For future reference, if I ever pick that up again:

comparison

The issue is complex. The comparison shows various interesting things:

  • The implementation to calculate Gamma is pretty good in numba.
  • The implementation of exp(-Gam*d) is not so good in numba.
  • spline is so fast that other things (dlf, and generally just everything) becomes important. Not much to improve there without rewriting the entire empymod in C or Fortran.
  • For anything but the splined version, almost the entire time of empymod is spent in the kernel (everything in and below wavenumber in the figure). Not even the Hankel transform exceeds 1% of total calculation.

The last point shows that if there is any speed-up to be achieved, the only important functions are:

  • empymod.kernel.greenfct,
  • empymod.kernel.reflections, and
  • empymod.kernel.fields.
    These three functions do the number crunching, and it boils down to complex square roots of massive matrices (Gamma) and exponentials and operations with this Gamma.

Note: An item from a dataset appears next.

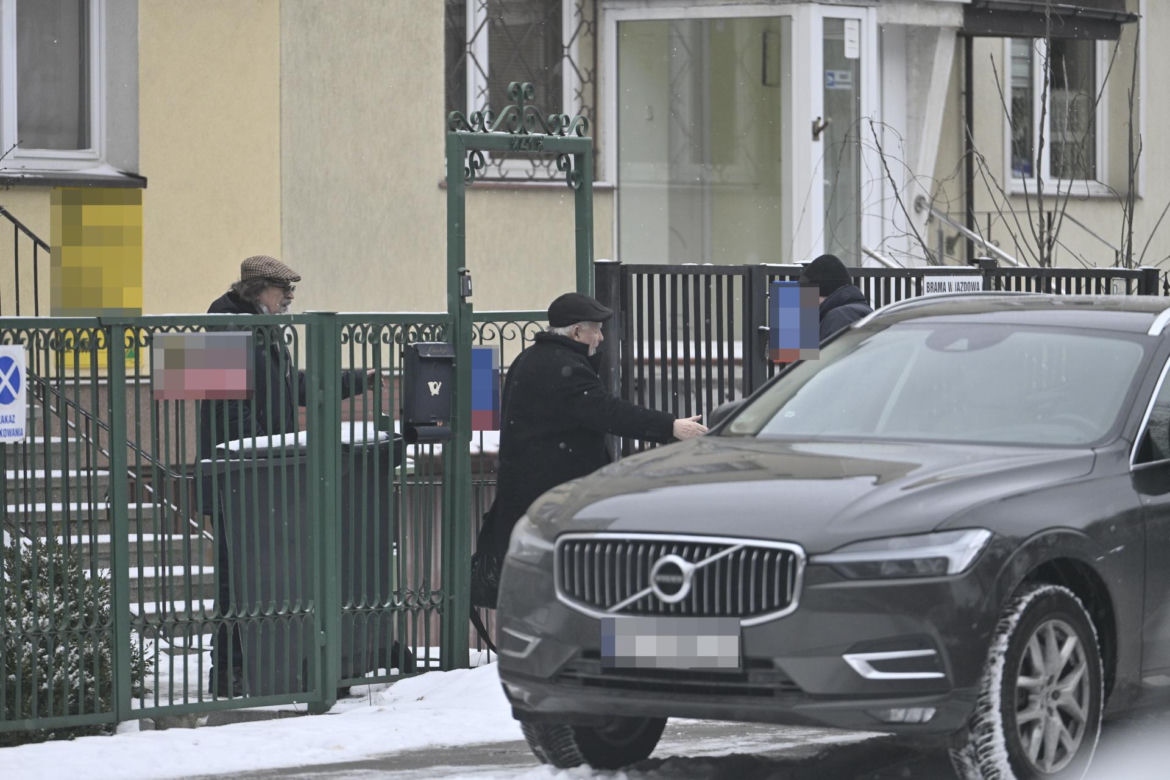 Kuzyn Kaczyńskiego dba o krewnego i odśnieża schody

Gamma can reach millions if not billions of elements (if the memory cannot hold it than one has to loop over offsets or frequencies).

Now, two things could be done:

  • Mixture of numba and numexpr (don't think it is a good idea).
  • Improve numba for the exp(-Gam*d) calculations.

However, given that spline is accurate enough for any real-life calculation, it is probably not worth it at all. For the exact solution time shouldn't matter that much, or numexpr can be used. So I think empymod is just fine as it is at the moment.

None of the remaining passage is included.